■ RECORDS SUPPLIED ■
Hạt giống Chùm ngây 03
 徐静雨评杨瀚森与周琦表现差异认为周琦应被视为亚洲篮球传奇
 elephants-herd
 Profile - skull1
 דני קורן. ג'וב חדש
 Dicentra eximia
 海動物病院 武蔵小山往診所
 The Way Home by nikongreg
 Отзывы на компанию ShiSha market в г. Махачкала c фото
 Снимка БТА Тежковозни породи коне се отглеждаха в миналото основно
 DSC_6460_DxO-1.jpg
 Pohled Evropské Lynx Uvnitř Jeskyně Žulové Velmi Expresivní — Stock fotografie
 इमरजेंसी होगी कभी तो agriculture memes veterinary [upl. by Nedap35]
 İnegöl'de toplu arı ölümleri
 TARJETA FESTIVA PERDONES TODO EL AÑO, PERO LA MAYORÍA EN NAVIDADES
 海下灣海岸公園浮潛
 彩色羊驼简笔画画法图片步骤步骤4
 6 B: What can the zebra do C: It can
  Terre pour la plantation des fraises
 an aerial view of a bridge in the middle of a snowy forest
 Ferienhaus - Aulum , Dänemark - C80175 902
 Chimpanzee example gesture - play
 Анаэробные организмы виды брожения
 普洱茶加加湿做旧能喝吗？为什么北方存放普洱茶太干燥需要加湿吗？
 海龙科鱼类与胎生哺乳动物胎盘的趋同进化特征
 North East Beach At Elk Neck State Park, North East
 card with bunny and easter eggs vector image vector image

■ TASK TO COMPLETE ■
The full set of records should be duplicated exactly.

■ REPLY TO THE TASK ■
Hạt giống Chùm ngây 03
 徐静雨评杨瀚森与周琦表现差异认为周琦应被视为亚洲篮球传奇
 elephants-herd
 Profile - skull1
 דני קורן. ג'וב חדש
 Dicentra eximia
 海動物病院 武蔵小山往診所
 The Way Home by nikongreg
 Отзывы на компанию ShiSha market в г. Махачкала c фото
 Снимка БТА Тежковозни породи коне се отглеждаха в миналото основно
 DSC_6460_DxO-1.jpg
 Pohled Evropské Lynx Uvnitř Jeskyně Žulové Velmi Expresivní — Stock fotografie
 इमरजेंसी होगी कभी तो agriculture memes veterinary [upl. by Nedap35]
 İnegöl'de toplu arı ölümleri
 TARJETA FESTIVA PERDONES TODO EL AÑO, PERO LA MAYORÍA EN NAVIDADES
 海下灣海岸公園浮潛
 彩色羊驼简笔画画法图片步骤步骤4
 6 B: What can the zebra do C: It can
  Terre pour la plantation des fraises
 an aerial view of a bridge in the middle of a snowy forest
 Ferienhaus - Aulum , Dänemark - C80175 902
 Chimpanzee example gesture - play
 Анаэробные организмы виды брожения
 普洱茶加加湿做旧能喝吗？为什么北方存放普洱茶太干燥需要加湿吗？
 海龙科鱼类与胎生哺乳动物胎盘的趋同进化特征
 North East Beach At Elk Neck State Park, North East
 card with bunny and easter eggs vector image vector image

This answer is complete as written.